*Exercise brief*
Below are the records; give again exactly the lines from the one containing "unfurnished living room" through the one containing "a person reading", leaving out pictures.

Stored data
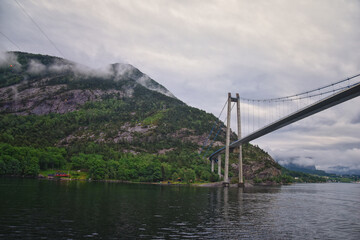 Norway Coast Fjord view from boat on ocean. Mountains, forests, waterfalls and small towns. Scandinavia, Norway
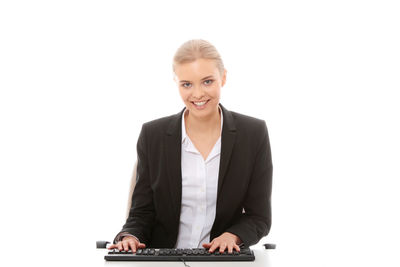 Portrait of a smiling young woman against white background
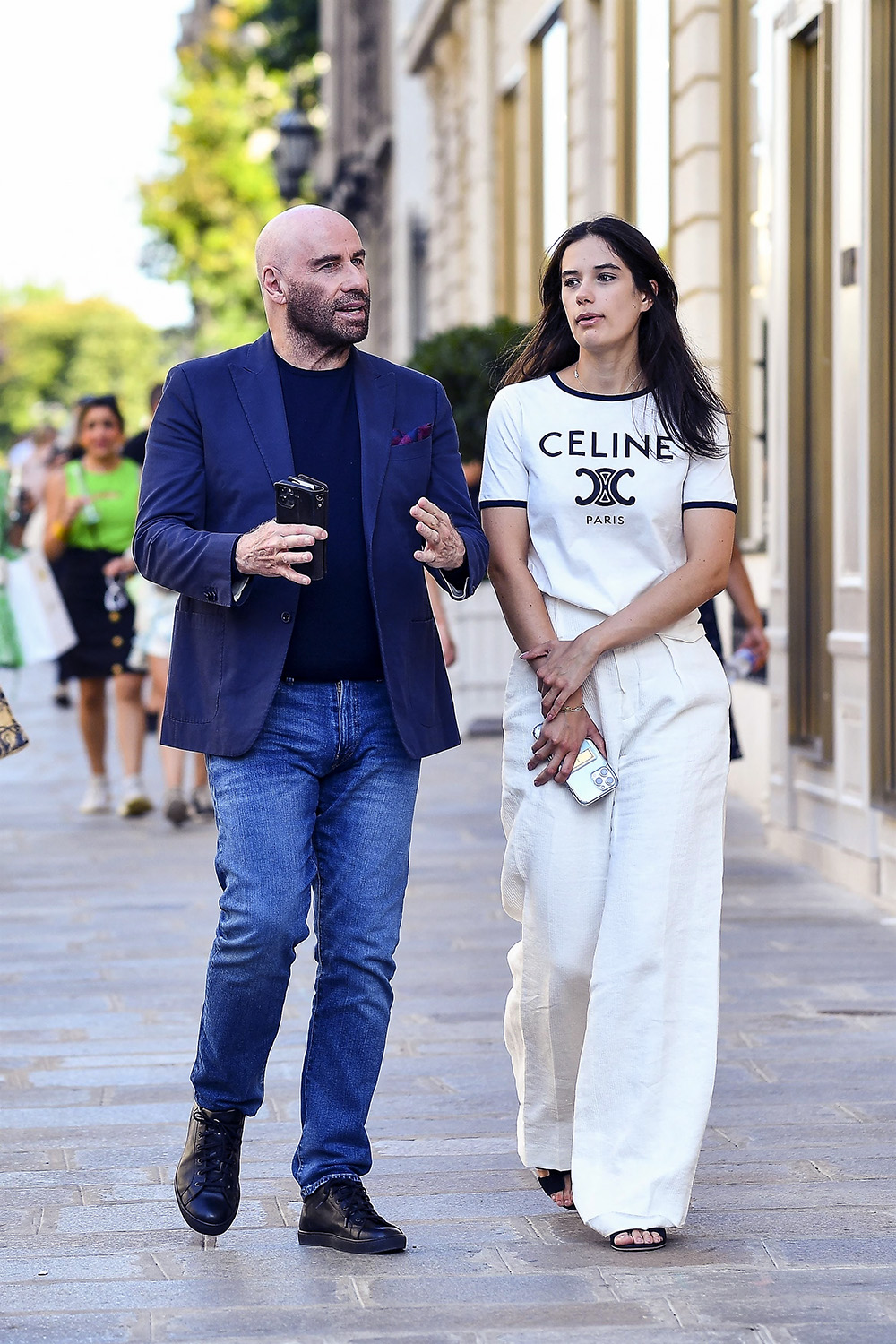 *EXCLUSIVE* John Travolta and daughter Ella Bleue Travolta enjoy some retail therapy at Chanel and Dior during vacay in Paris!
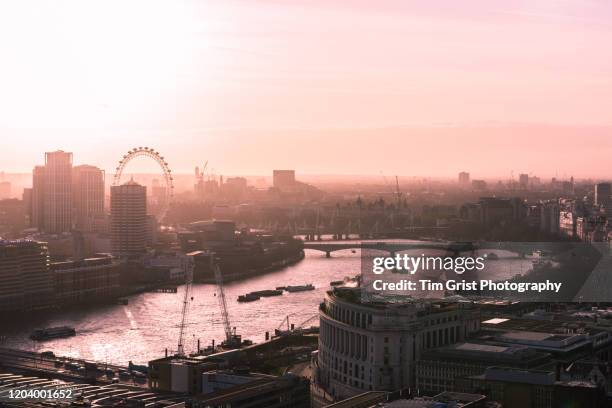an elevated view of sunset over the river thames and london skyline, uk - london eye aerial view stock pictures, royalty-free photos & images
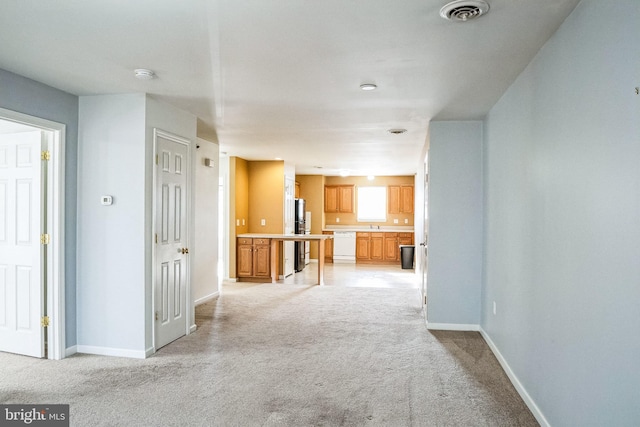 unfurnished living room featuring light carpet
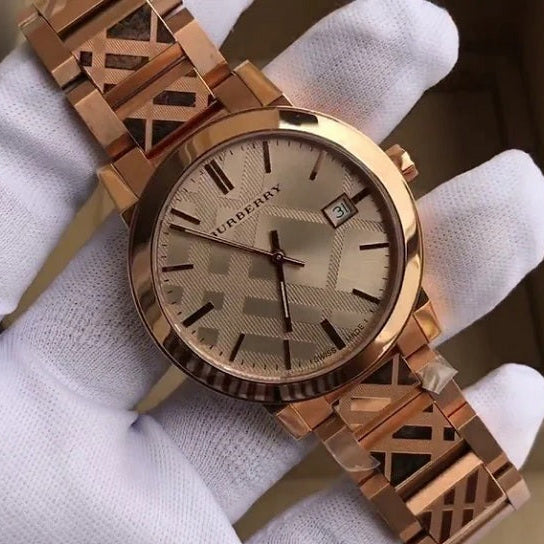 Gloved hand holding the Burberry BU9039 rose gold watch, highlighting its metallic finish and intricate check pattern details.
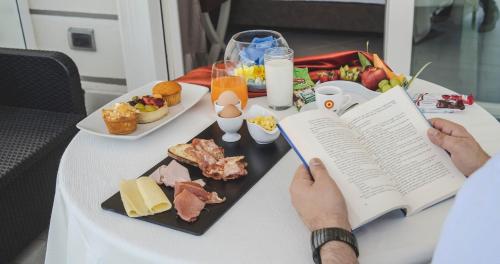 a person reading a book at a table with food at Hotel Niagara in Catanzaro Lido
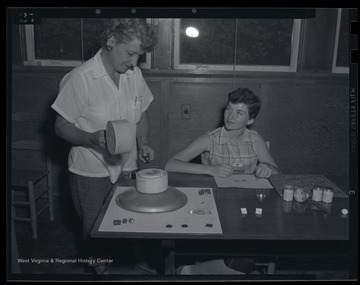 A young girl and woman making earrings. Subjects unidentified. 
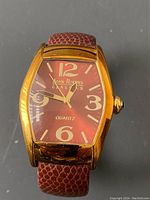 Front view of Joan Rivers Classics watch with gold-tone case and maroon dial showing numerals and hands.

*Exercise result*
 unfurnished living room featuring light carpet
 Gloved hand holding the Burberry BU9039 rose gold watch, highlighting its metallic finish and intricate check pattern details.
 a person reading a book at a table with food at Hotel Niagara in Catanzaro Lido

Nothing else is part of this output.